**Work to be completed:** Without pictures, return the lines from the one containing "Anzeige von Totentafel" through the last line of the data below, exactly.

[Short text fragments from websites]
——————

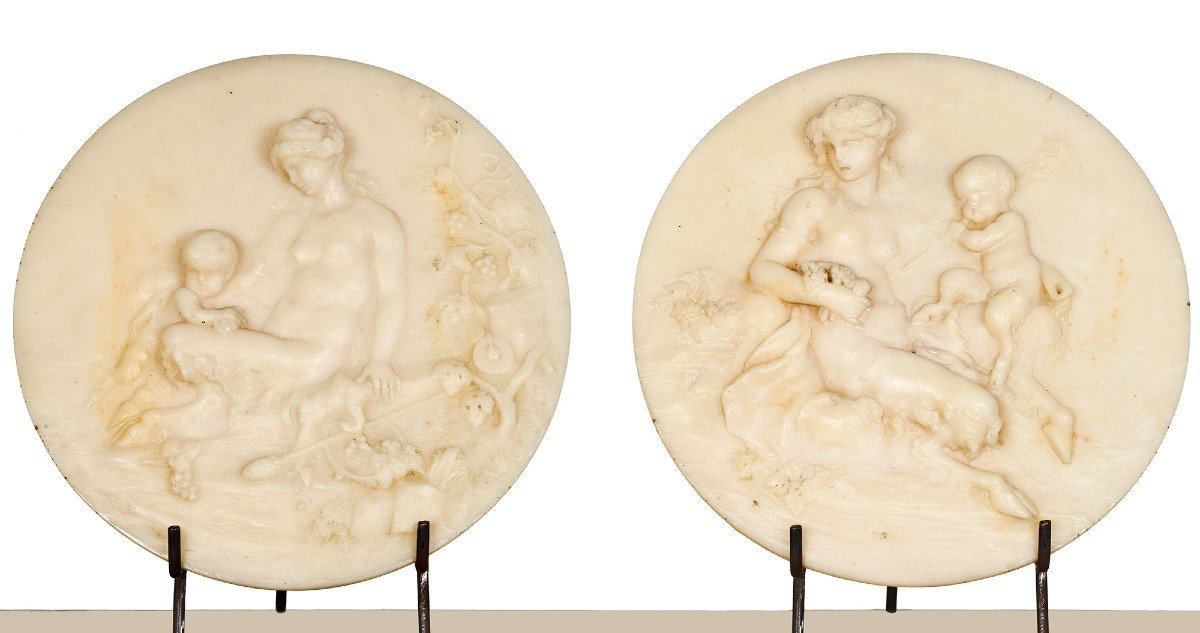 Pair Of Roundels In Alabaster Marble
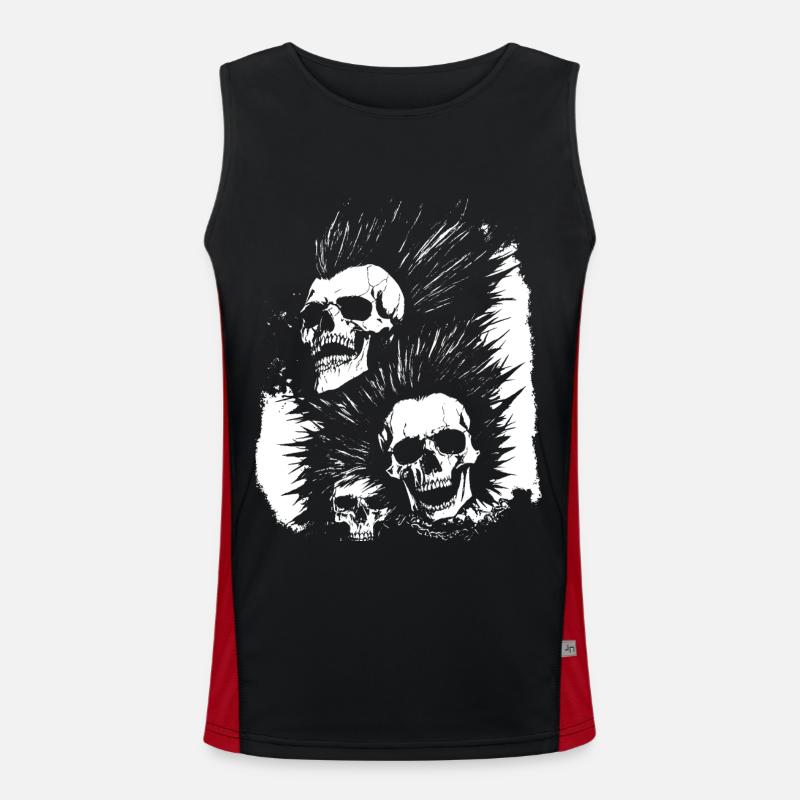 Crâne de fan d’horreur avec jeu de mots Mohawk Crazy Punkrocker Débardeur respirant contrasté Homme 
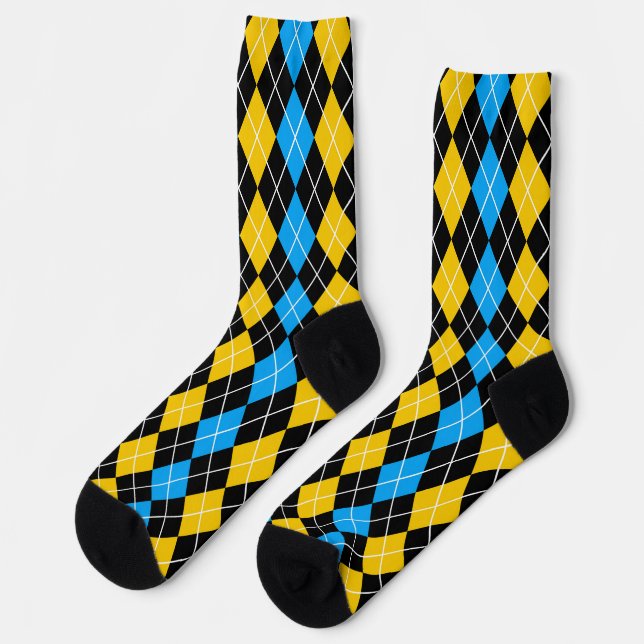 Chaussette Jacquard noir jaune Design diamant (Gauche)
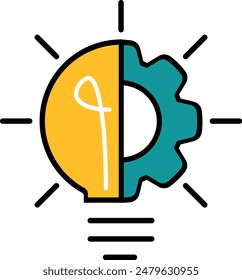 Light bulb or idea with gear wheel machine icon vector collection. Line art lamp and gear wheel machine sign silhouette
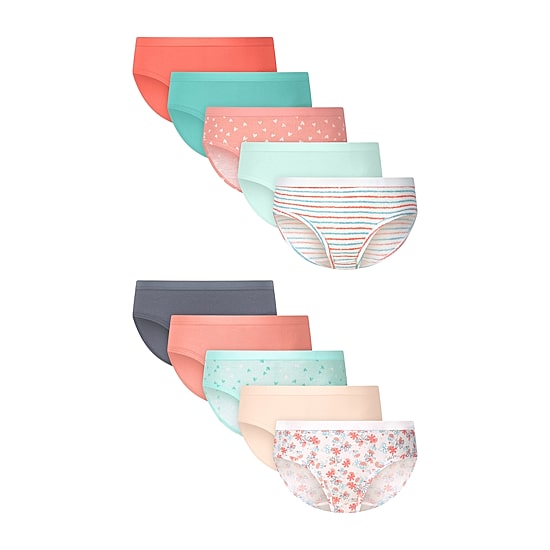 Hanes Big Kid Girls 10 Pack Hipster Panty Gucsh1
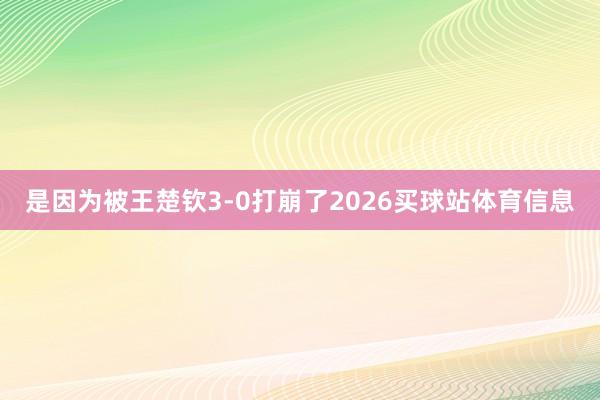 是因为被王楚钦3-0打崩了2026买球站体育信息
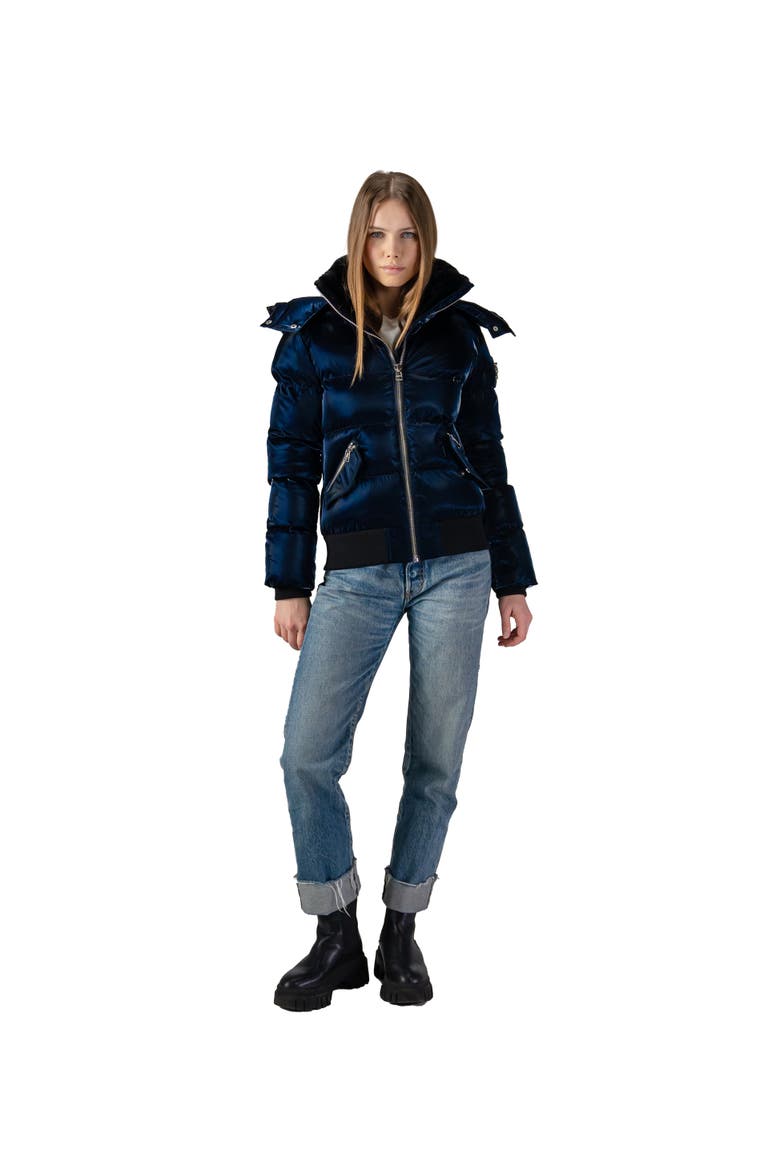 Women's Woody Bomber Quilted Coat, Alternate, color, All Wet Navy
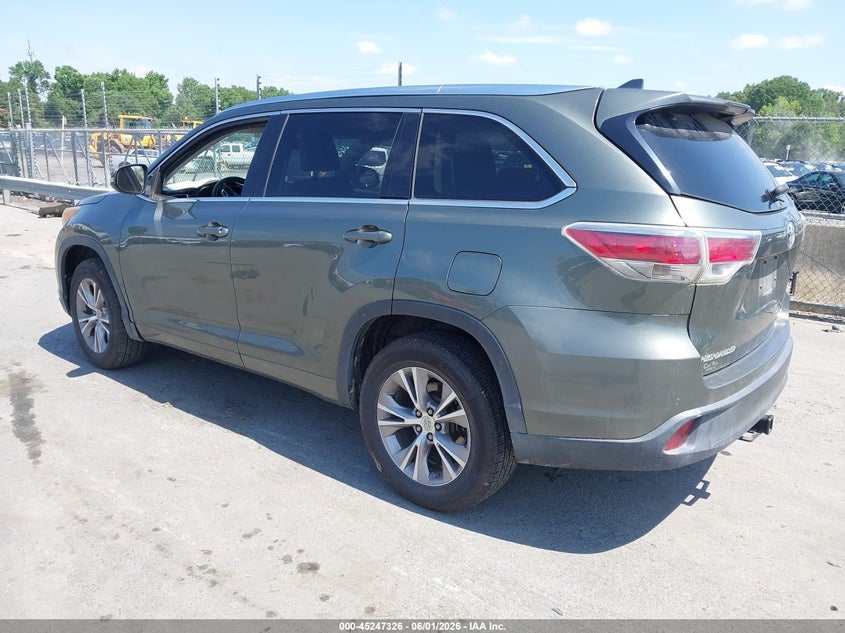 Vin: 5tdkkrfh1fs046558, lot: 45745129, toyota highlander xle v6 20153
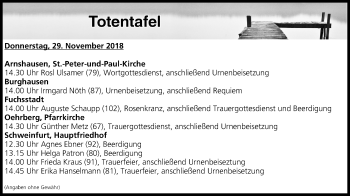 Anzeige von Totentafel vom 29.11.2018 von MGO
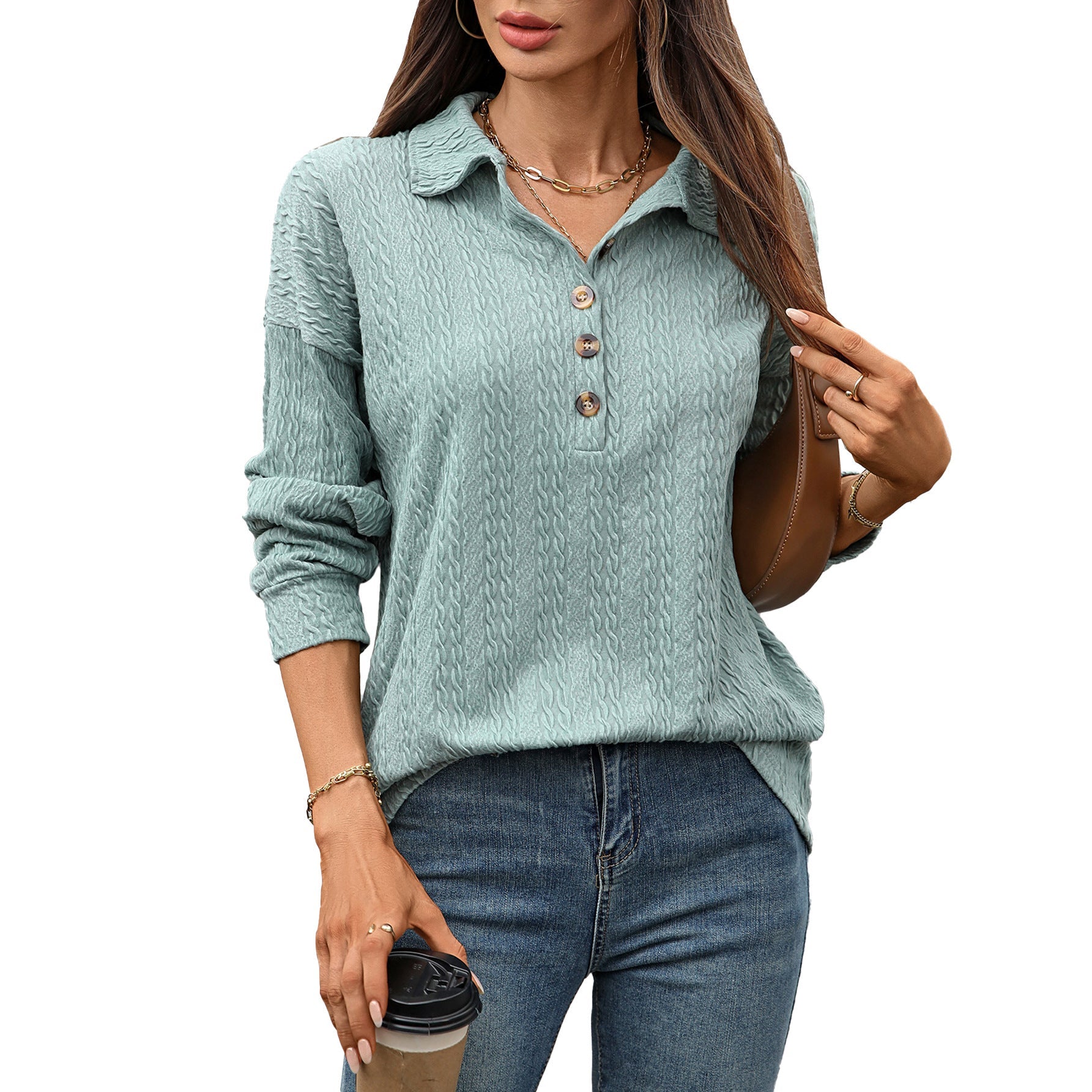 Women's Textured Polo Henley Long‑Sleeve Top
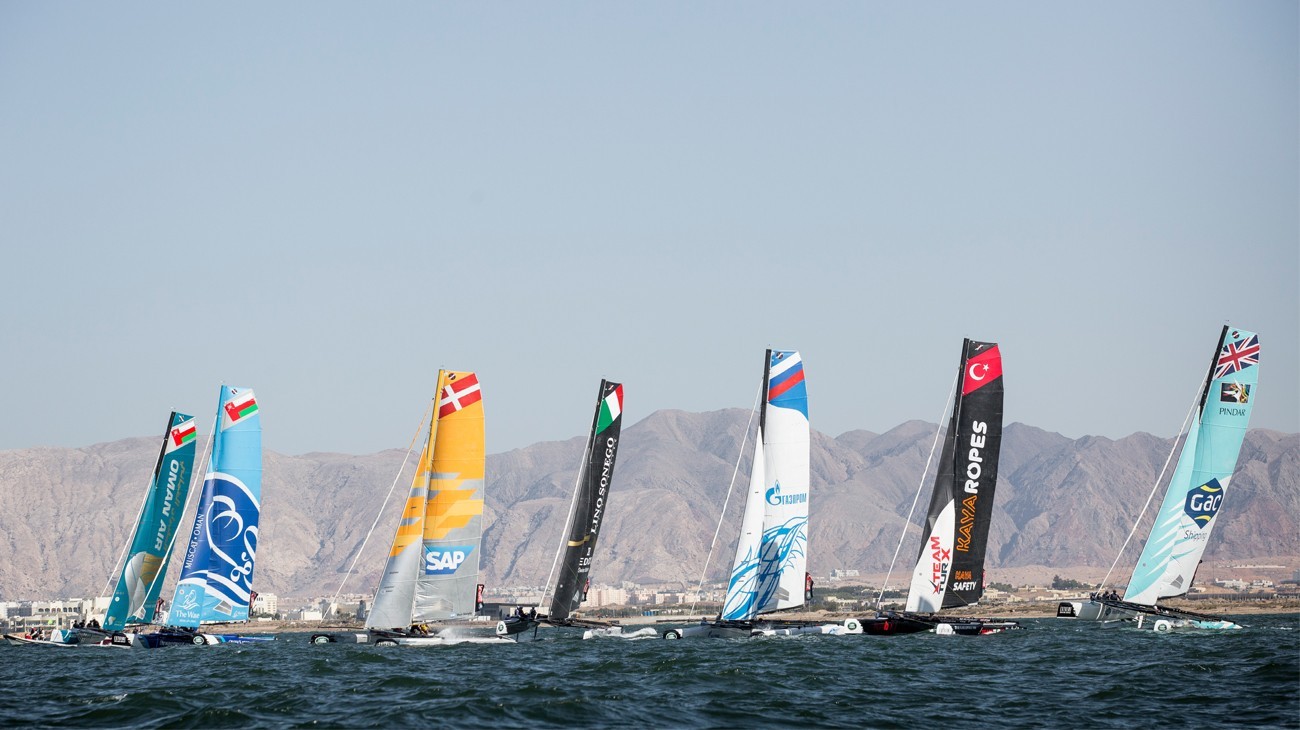 The Wave, Musat and SAP Extreme Sailing Team battle it out in Muscat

——————

**Answer space:**
 Anzeige von Totentafel vom 29.11.2018 von MGO
 Women's Textured Polo Henley Long‑Sleeve Top
 The Wave, Musat and SAP Extreme Sailing Team battle it out in Muscat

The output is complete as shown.